[Start of Attachment]

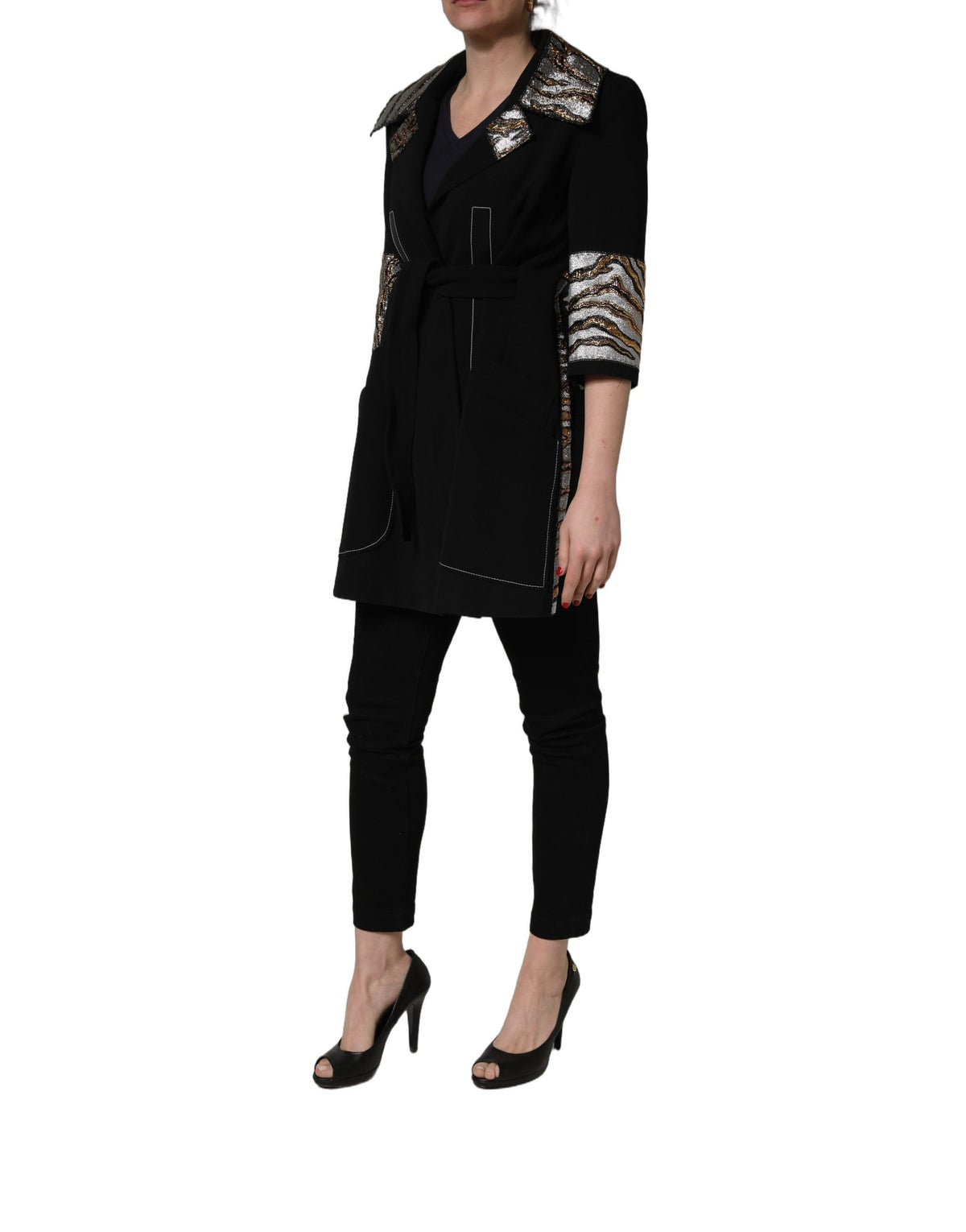 Dolce & Gabbana Black Single-Breasted Brocade Coat Women's Jacket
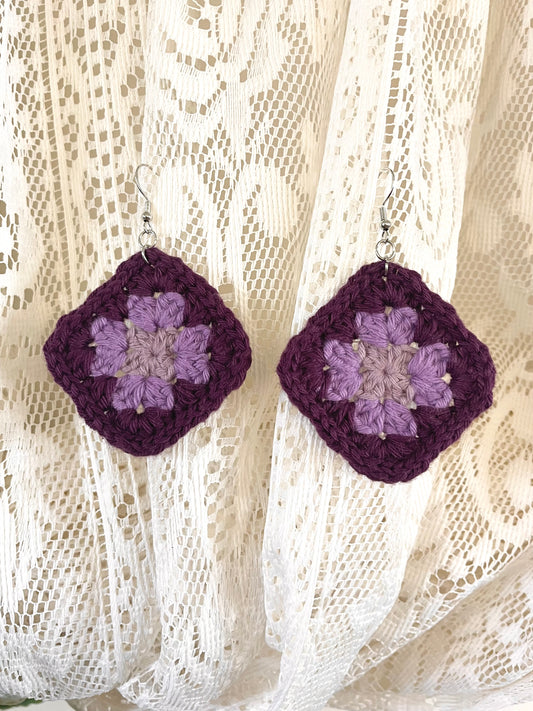 Crochet Mojo Moon Square Earrings - Purple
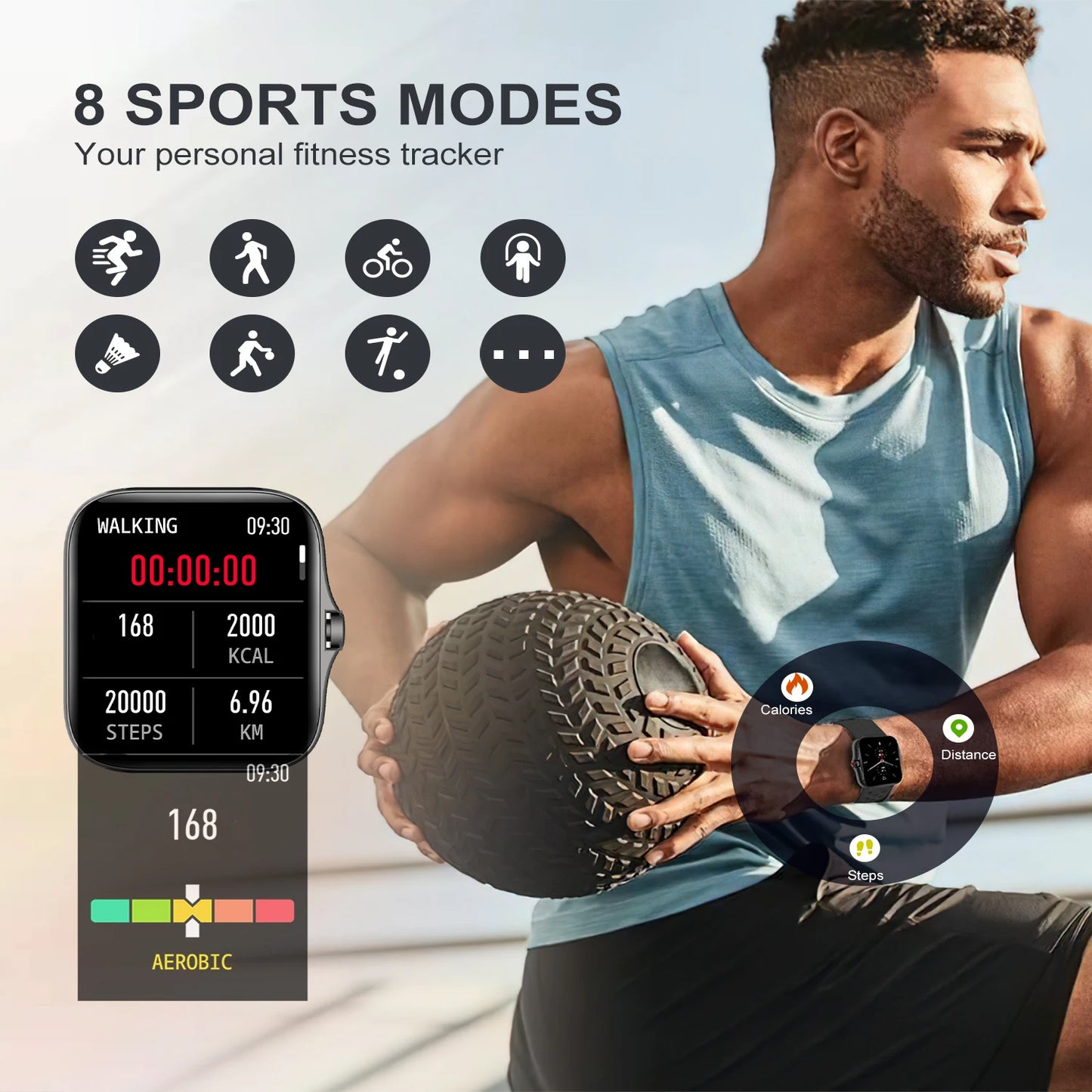 INNOFOVO Smartwatch Bluetooth Five Point Zero Fitness Tracker For iPhone Android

[End of Attachment]

WHAT NEEDS TO BE DONE >>
Put each line of the listing above into the copy exactly, dropping the pictures.

TASK RESPONSE >>
 Dolce & Gabbana Black Single-Breasted Brocade Coat Women's Jacket
 Crochet Mojo Moon Square Earrings - Purple
 INNOFOVO Smartwatch Bluetooth Five Point Zero Fitness Tracker For iPhone Android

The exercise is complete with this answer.